Last week, Ford filed a patent for a new type of composite cylinder head design that could reduce weight, slash manufacturing costs and save money on raw materials. The company’s new “Hybrid Composite Cylinder Head” would be made up mostly of a polymer composite instead of the traditional aluminum or iron.
Ford’s patent application describes an “internal metal structure” made of cast iron, which could include the upper combustion chambers, combustion chamber inserts, fire deck, engine coolant ports, and oil drain ports. The internal structure would be surrounded by an FRP composite structure that could contain oil feeds for hydraulic valve lash adjusters and spark plug/fuel injector pockets (assuming the engine has direct injection). According to the patent, Ford is considering thermoset resins, including polyurethane, epoxy, phenolic or polyamide. That polymer would be reinforced by either carbon fiber, aramid fiber, glass fiber or other alternatives.

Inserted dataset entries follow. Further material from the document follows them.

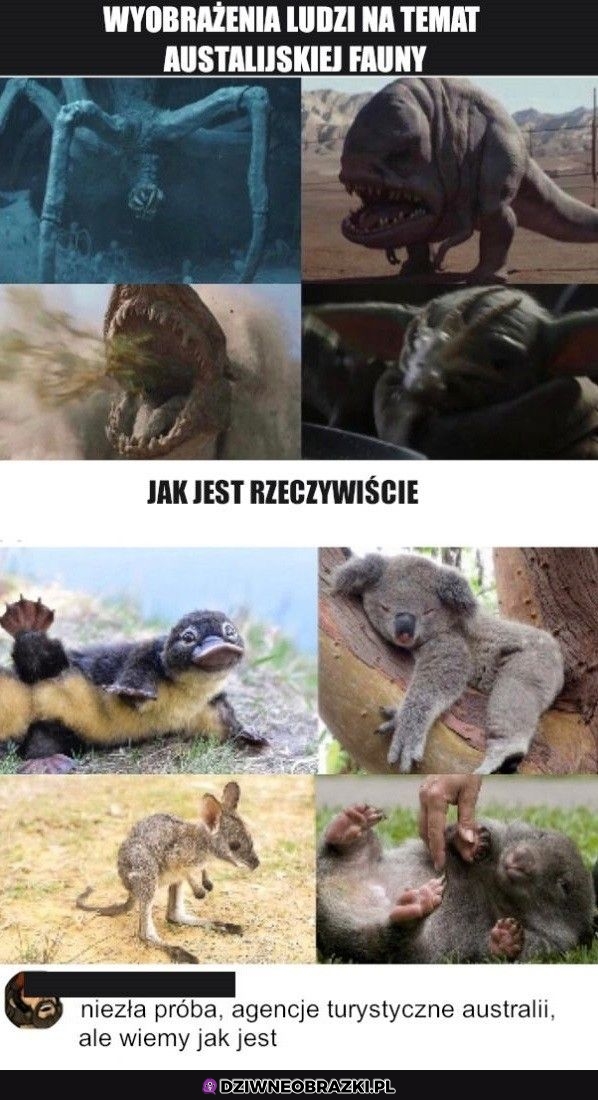 Wiemy lepiej jak jest w Australii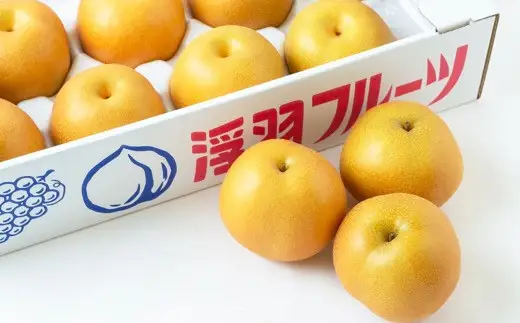 【先行予約】 鈴木農園 特撰甘果逸品 豊水梨 11玉から15玉 （約5kg） 【2026年8月下旬～9月上旬より順次発送予定】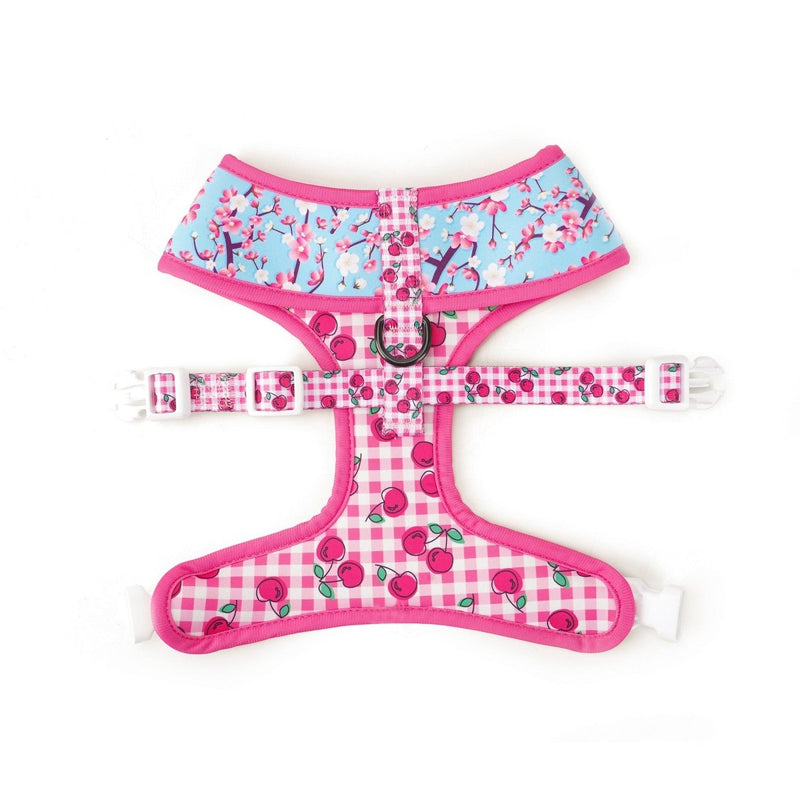 Cherry Blossom Reversible Dog Harness 2.0 - Beast & Buckle
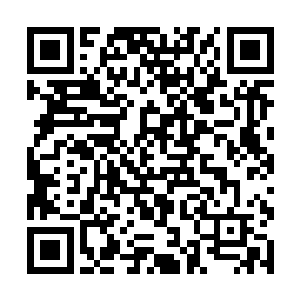 两人恨不得直接跳起小苹果来当然了要是他们会的话二维码生成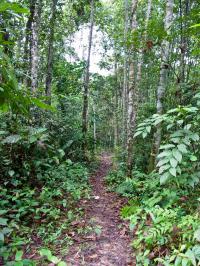 Habitat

As lightweight, high-strength composites become more prevalent in commercial automotive applications, it’s not surprising to see Ford look at metal alternatives for its engine components. Two years ago, the automaker showed off a 1.0-liter EcoBoost engine at the Detroit auto show that made use of injection-molded carbon fiber for a number of parts, including the cylinder head. The mill’s weight fell nearly 16 percent compared to a stock motor.
And last year, Ford and Magna teamed up to develop a carbon fiber-reinforced composite subframe. This key piece of architecture weighed 34 percent less than a conventional subframe, employing far fewer parts.